Der Anruf kommt am Sonntagmittag: Am Folgetag werden vier Vollzeit-Erzieherinnen fehlen, sie sind krank. „Da muss ich gar nicht mehr rechnen“, sagt Isabel Schlögl, Geschäftsführerin Kindertageseinrichtungen bei der Verrechnungsstelle für katholische Kirchengemeinden, zuständig für Konstanz. „Ich weiß genau, wie viele Ganztags- und Krippengruppen ich dann schließen muss. Alle betroffenen Eltern rechtzeitig zu erreichen, ist die nächste Herausforderung.“
Solche Szenarien sind kein Einzelfall, immer wieder müssen Kitagruppen in der Öffnungszeit reduziert oder zeitweise ganz geschlossen werden. Grund dafür ist der akute Mangel an Erzieherinnen und Erziehern. Obwohl die Stadt Konstanz zehn spanische Fachkräfte holte und Personal aus der Ukraine und anderen Ländern nachqualifizierte, ist die Betreuungslücke weiterhin groß.

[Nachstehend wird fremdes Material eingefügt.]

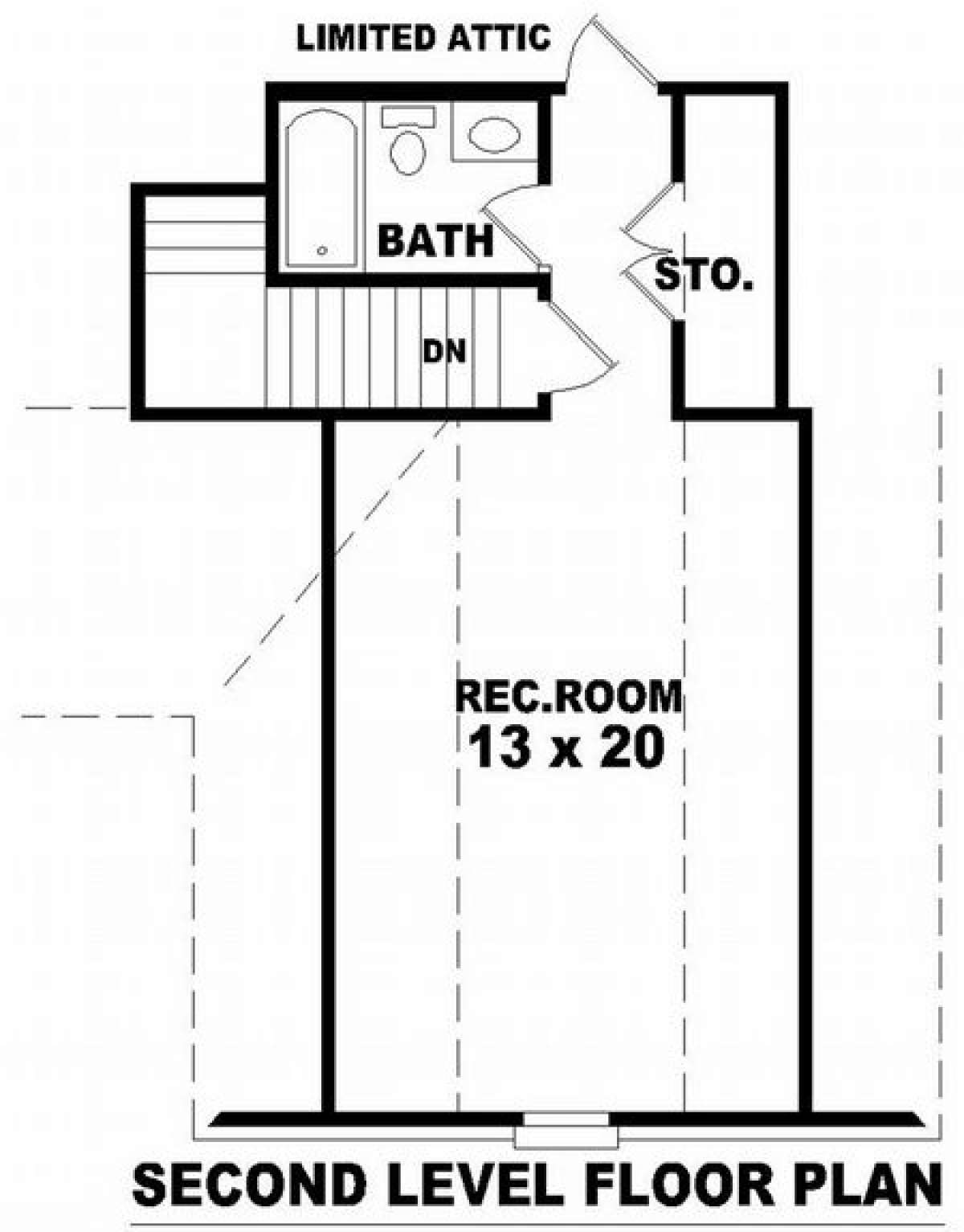 Floorplan 2 for House Plan #053-00896
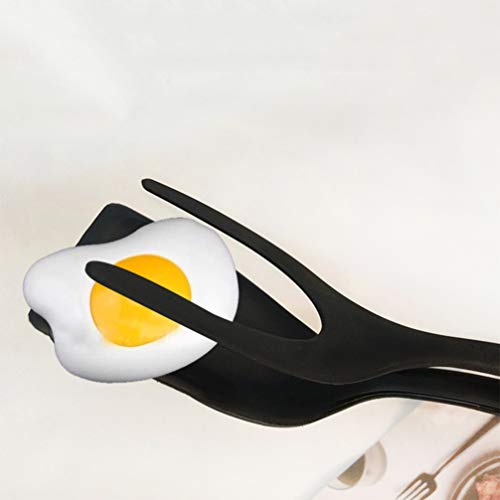 Cabilock 2 In 1 Spatula Tongs Heat Resistant Grip And Flip Spatula Non- Stick Fried Egg Turners For Egg Steak Frying Turning Grilling Kitchen Cooking Tool #TOP1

Um der als „Kitastrophe“ bezeichneten Krise ein Stück weit zu begegnen, machten sich 120 Vertreter der Stadt, der Einrichtungen aller Träger, Erzieher und Eltern bei einem Zukunftstag im März 2024 viele Gedanken über mögliche Lösungen. 50 Personen arbeiteten weiter daran, ein Jahr später liegen die umfangreichen Ergebnisse vor. „Danke an alle Beteiligten, wie offen sie über Veränderungen nachgedacht haben“, sagt Sozialbürgermeister Andreas Osner.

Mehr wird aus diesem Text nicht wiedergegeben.